In Babylon 5: The Lost Tales, while en route to Babylon 5 for a celebration of the Alliance's 10 year anniversary, Sheridan met Vintari, the son of the notorious Centauri emperor Cartagia. In a dream, the technomage Galen warned him that in thirty years Vintari would launch a terrible military campaign to destroy Earth, and only his death at Sheridan's hands could stop him for sure. Sheridan chose a different path, allowing Vintari to fly in a Starfury beside him as he had always dreamed, and inviting him to stay in the Alliance's headquarters, safe from assassination attempts which were becoming increasingly common in the Centauri royal court. In this way, he hoped to show Vintari the concept of kindness for its own sake, rather than the quid pro quo nature of assistance common on Centauri Prime. In 2279, Sheridan declined reelection to the Presidency. His wife Delenn became the second President of the Alliance, while Sheridan turned his efforts to leading the Anla'Shok.
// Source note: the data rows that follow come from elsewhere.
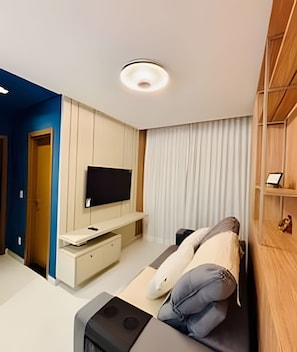 A modern hotel room with a bed, a TV mounted on a wall, a wooden cabinet, and a door leading to another room. - 1501 Apto2 Qtos Vista Mar (Cabedelo)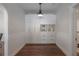 Bright hallway features a wall of built-in storage cabinets and drawers with decorative molding and hardwood floors at 318 W Haya St, Tampa, FL 33603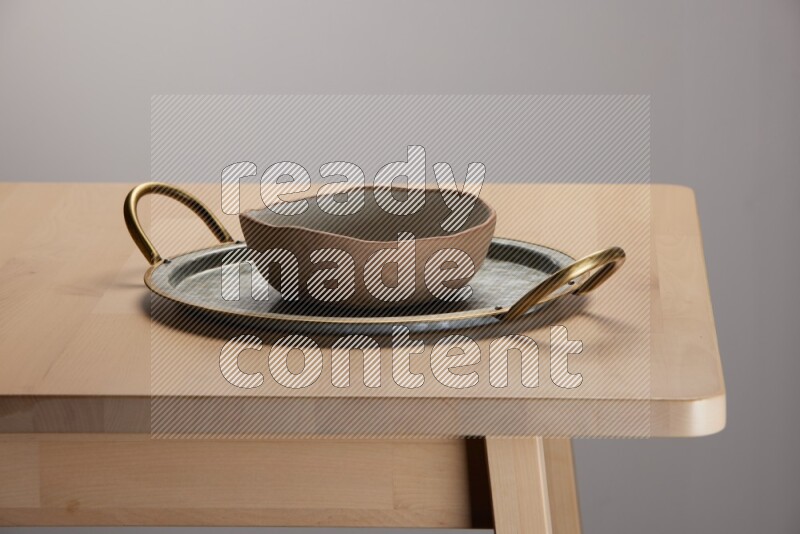 multicolored bowl placed on a rounded stainless steel tray with golden handels on the edge of wooden table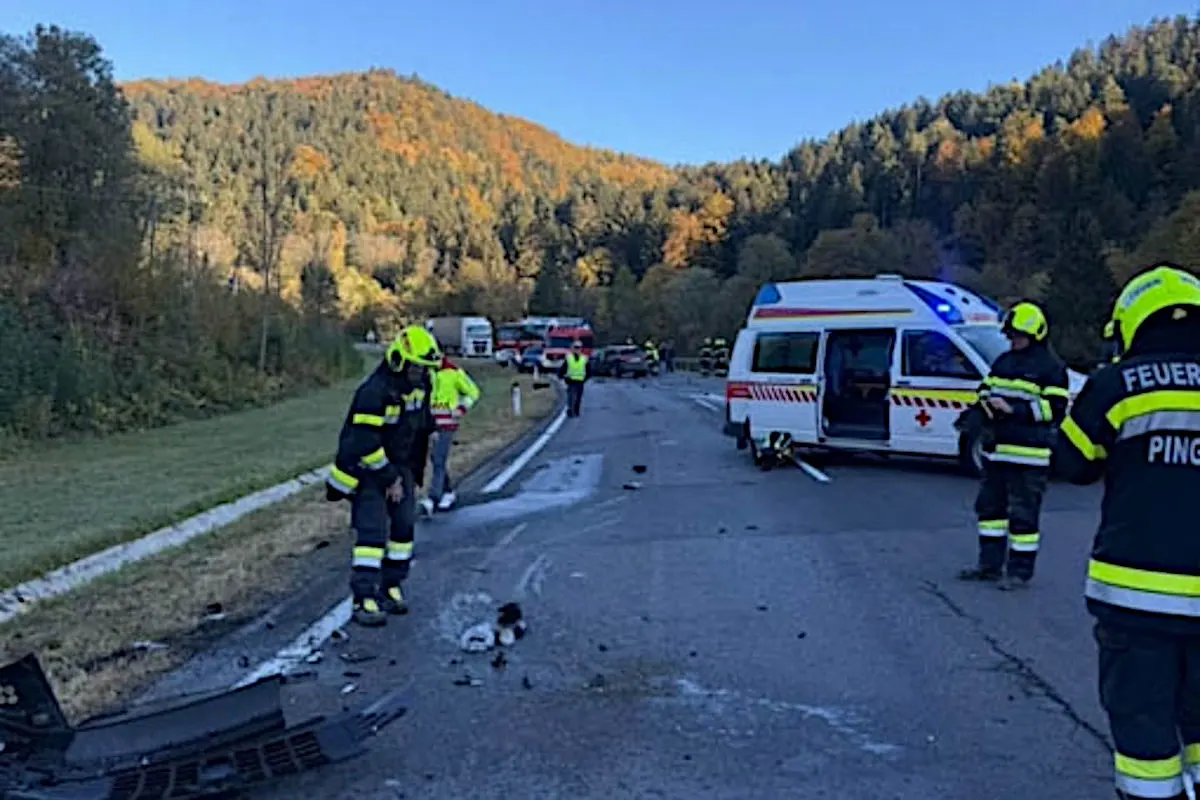 Mehrere Feuerwehrleute arbeiten an einer Unfallstelle auf einer Landstraße. Ein Rettungsfahrzeug steht mit offener Tür bereit.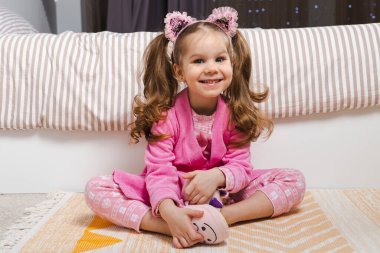 Pembe pijama ve bornozlu sevimli küçük bir kız yatağın önünde oturuyor ve mutlu bir şekilde gülümsüyor..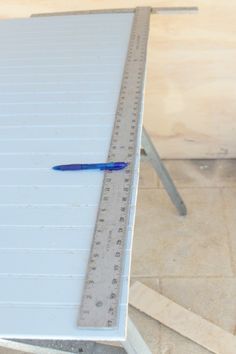 a ruler with a blue pen on top of it next to a piece of wood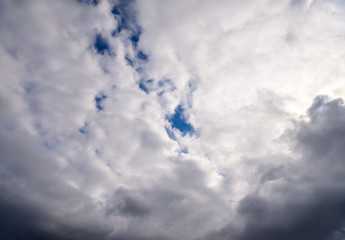 Beautiful puffy clouds with sun beams against blue skies.  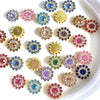 A collection of multicolor sew-on flower rhinestones in various shades of pink, blue, and gold arranged on a white surface.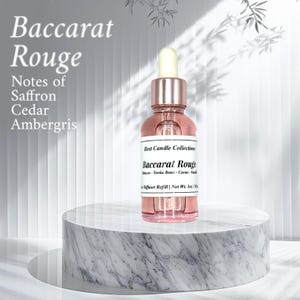 May include: A pink diffuser refill bottle with a dropper, labelled "Baccarat Rouge" with notes of saffron, cedar, and ambergris. The bottle is on a marble-patterned pedestal. The text "Best Candle Collection" is also visible.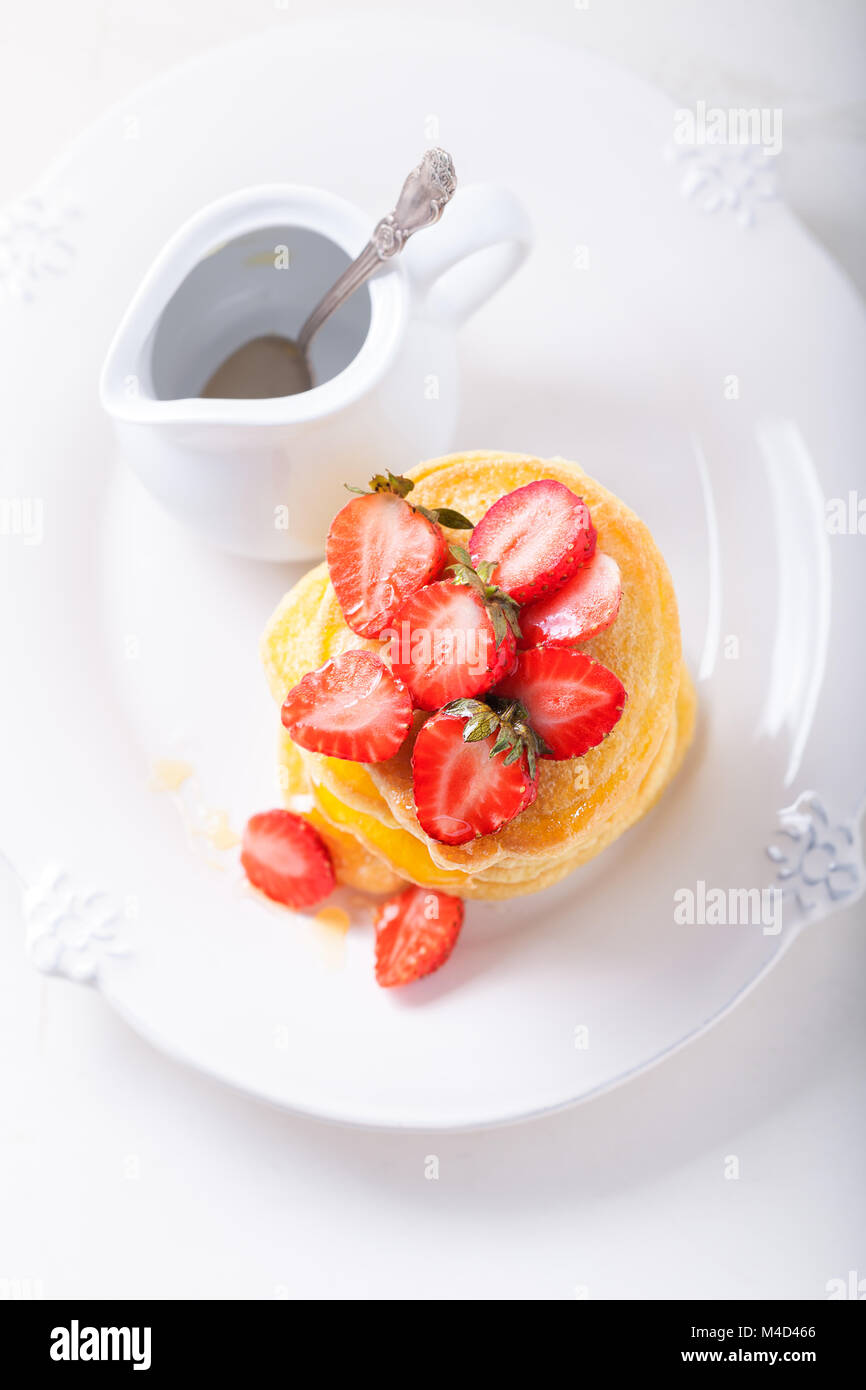 Pila di frittelle dolci con fragola e miele. Foto Stock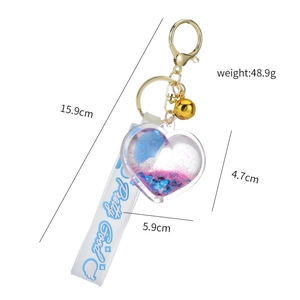 Heart quicksand liquid keychain with gold bell and blue 'Pretty Good' strap dimensions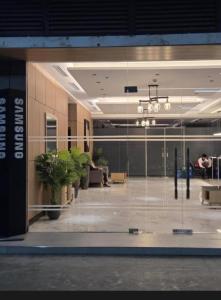 a lobby with glass doors and potted plants in a building at Jtower Residences Rad Staycation in SM Jmall in Mandaue City +95 photos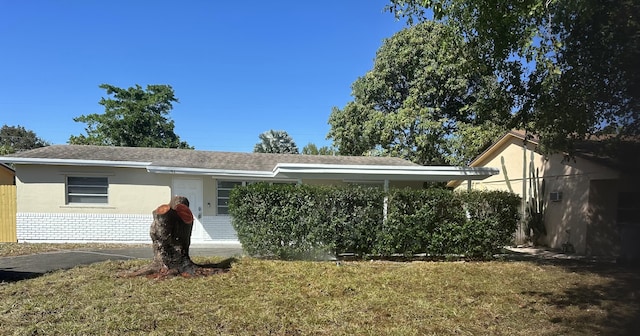 view of front of property with a front yard, brick siding, and stucco siding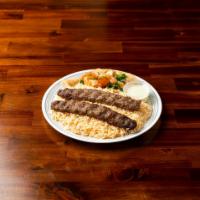 SHAHMI  KABAB  · Mixed lamb and beef, herbs and red pepper on grill 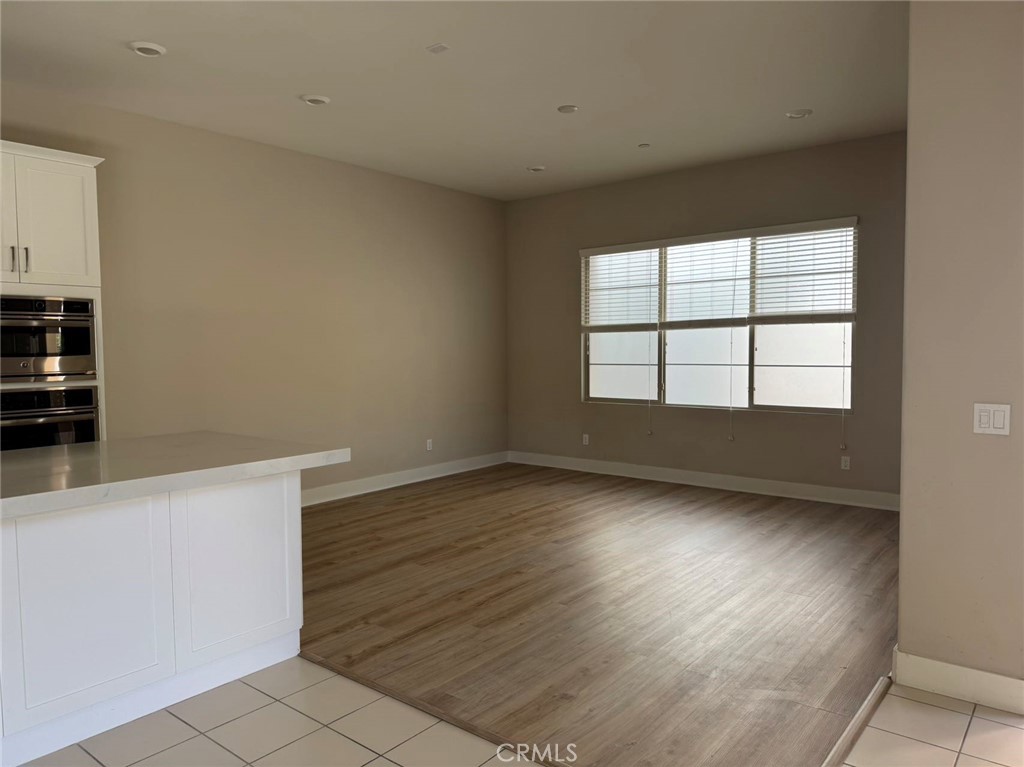 171 Interval Irvine, CA 92618 - Photo 6 of 19 an empty room with wooden floor and windows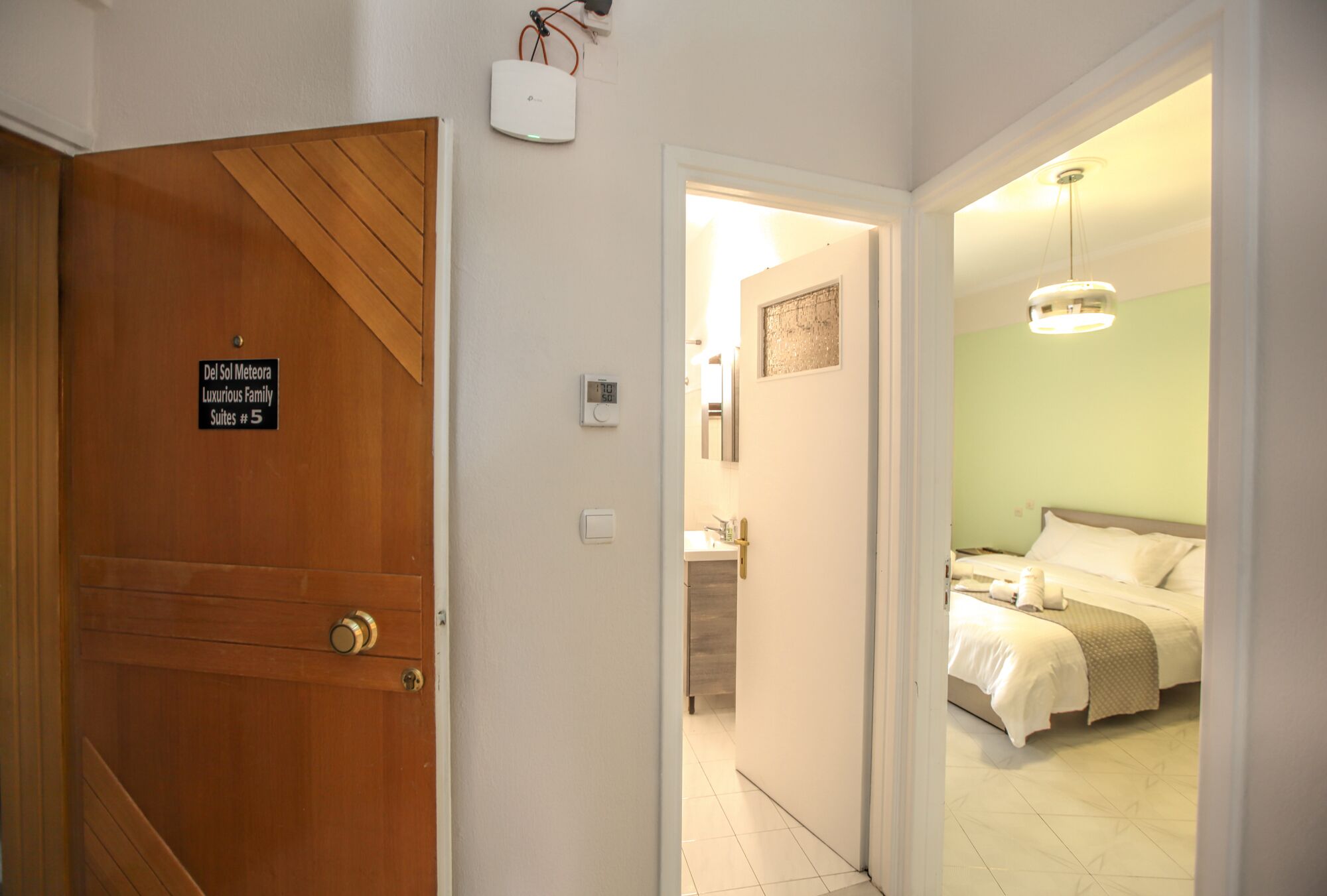 A hotel room with a bed, a bedside table, and a nightstand. There is a door with a sign indicating the room number and type.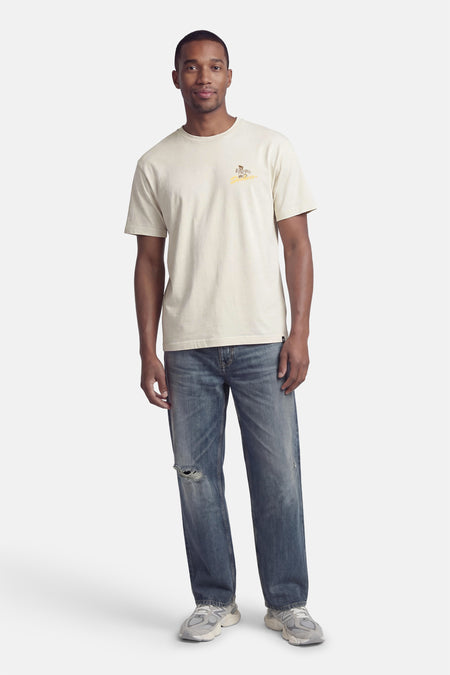 T-shirt beige de DC SHOES à manches courtes, coupe ample et petit imprimé sur la poitrine, porté avec un jean bleu.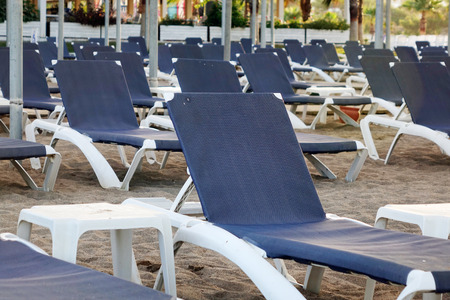 Sun loungers with umbrella on the beach. Tourism industry. relaxationの写真素材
In the final episode, "Sleeping in Light", set in the year 2281, Sheridan knew that the 20 years he had been given by Lorien were almost over. He had his friends - Ivanova, Garibaldi, Franklin, and Centauri Emperor Cotto - come to his home for one last reunion. Just before their meeting, Franklin found that Sheridan only had a short time left. The next morning, Sheridan left his home and his wife for the last time. He traveled alone to Babylon 5 to see the station one last time. He learned that the station was about to be shut down and demolished. Zack Allan - who had also been invited to the reunion but hadn't received the invitation - visited Sheridan. Sheridan learned that Allan had re-enlisted a few months ago and returned to Babylon 5, which resulted in the Ranger carrying his invitation being unable to find him on Earth. Sheridan realized that he was coming to the end. He then traveled alone to Coriana 6, where he was taken beyond the galactic rim by Lorien. His empty ship was later recovered, but his body was never found. Some Minbari believed that he would eventually return, but neither his friends nor his family ever saw him again.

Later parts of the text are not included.